Located in: Opinions
Posted on: February 3rd, 2014 No Comments

Turn-of-century story reflects present


History is a dish best served with hyperbole. No stranger to literary exaggeration, Doris Goodwin’s “The Bully Pulpit: Theodore Roosevelt, William Howard Taft, and the Golden Age of Journalism” is a rich and fast-paced exploration of American life at the turn of the 20th century. While seemingly intimidating, “The Bully Pulpit”’s 750 pages read more like a well narrated story than a dry textbook, perhaps in part because of the complicated Shakespearean characters of Teddy Roosevelt and William Taft, whose deep and amicable friendship deteriorates as the coercive power of politics takes its toll.
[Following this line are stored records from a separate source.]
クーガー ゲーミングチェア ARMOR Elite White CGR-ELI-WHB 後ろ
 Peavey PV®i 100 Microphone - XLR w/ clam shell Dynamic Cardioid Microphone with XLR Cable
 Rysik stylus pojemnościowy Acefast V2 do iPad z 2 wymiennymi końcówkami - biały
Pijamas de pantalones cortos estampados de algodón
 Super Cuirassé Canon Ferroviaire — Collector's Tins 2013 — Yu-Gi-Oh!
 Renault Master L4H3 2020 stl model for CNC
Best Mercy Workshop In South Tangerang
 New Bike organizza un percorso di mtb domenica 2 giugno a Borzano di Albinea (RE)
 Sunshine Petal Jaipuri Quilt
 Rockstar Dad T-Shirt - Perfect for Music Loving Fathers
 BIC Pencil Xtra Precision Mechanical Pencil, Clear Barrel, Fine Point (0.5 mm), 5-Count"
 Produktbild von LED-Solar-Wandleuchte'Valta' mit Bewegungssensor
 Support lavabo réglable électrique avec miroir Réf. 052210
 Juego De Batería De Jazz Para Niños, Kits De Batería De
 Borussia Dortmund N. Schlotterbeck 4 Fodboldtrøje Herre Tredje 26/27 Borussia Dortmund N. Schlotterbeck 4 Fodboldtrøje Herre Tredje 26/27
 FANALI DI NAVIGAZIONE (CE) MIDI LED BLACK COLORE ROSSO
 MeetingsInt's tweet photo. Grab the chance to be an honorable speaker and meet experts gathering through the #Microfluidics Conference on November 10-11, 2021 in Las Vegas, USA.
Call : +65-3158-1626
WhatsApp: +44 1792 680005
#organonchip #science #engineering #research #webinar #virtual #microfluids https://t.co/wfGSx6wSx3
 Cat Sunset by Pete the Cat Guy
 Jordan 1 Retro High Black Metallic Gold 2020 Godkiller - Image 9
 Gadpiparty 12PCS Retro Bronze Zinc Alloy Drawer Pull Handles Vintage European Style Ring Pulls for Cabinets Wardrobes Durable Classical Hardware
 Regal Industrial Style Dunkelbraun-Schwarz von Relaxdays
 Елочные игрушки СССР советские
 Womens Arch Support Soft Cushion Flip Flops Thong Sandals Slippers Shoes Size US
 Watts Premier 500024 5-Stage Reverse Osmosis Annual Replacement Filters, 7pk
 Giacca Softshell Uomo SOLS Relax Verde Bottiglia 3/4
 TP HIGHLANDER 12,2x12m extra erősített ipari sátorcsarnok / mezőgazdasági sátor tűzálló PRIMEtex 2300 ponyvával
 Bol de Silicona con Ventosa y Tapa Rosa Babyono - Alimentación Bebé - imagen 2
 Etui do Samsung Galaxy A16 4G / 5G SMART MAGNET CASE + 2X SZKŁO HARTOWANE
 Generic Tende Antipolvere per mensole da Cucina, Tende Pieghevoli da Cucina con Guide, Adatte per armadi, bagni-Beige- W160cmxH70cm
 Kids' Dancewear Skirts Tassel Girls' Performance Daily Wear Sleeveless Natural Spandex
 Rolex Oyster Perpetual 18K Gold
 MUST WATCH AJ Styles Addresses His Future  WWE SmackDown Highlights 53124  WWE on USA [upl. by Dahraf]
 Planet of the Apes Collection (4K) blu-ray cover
The additional 200-plus pages of notes and references also go a long way in enriching the development of the story as correspondences between the central characters are heavily borrowed from them.

Goodwin takes a unique approach in recounting the lives of these two presidents by focusing on aspects that have been given little attention in the past. Giving journalists like S. S. McClure and Ida Tarbell significantly more credit, Goodwin paints an impressive portrait of the behind-the-scenes players who arguably helped shaped history more than the gridlocked Congress.

In reading “The Bully Pulpit,” it becomes almost impossible to distance oneself from the story. You’ll root for Roosevelt as he weeds out police corruption in the New York streets, weep for Taft as his wife plunges into an incurable and mute illness and scream at McClure as his eccentric passion drives his journalistic empire into the ground.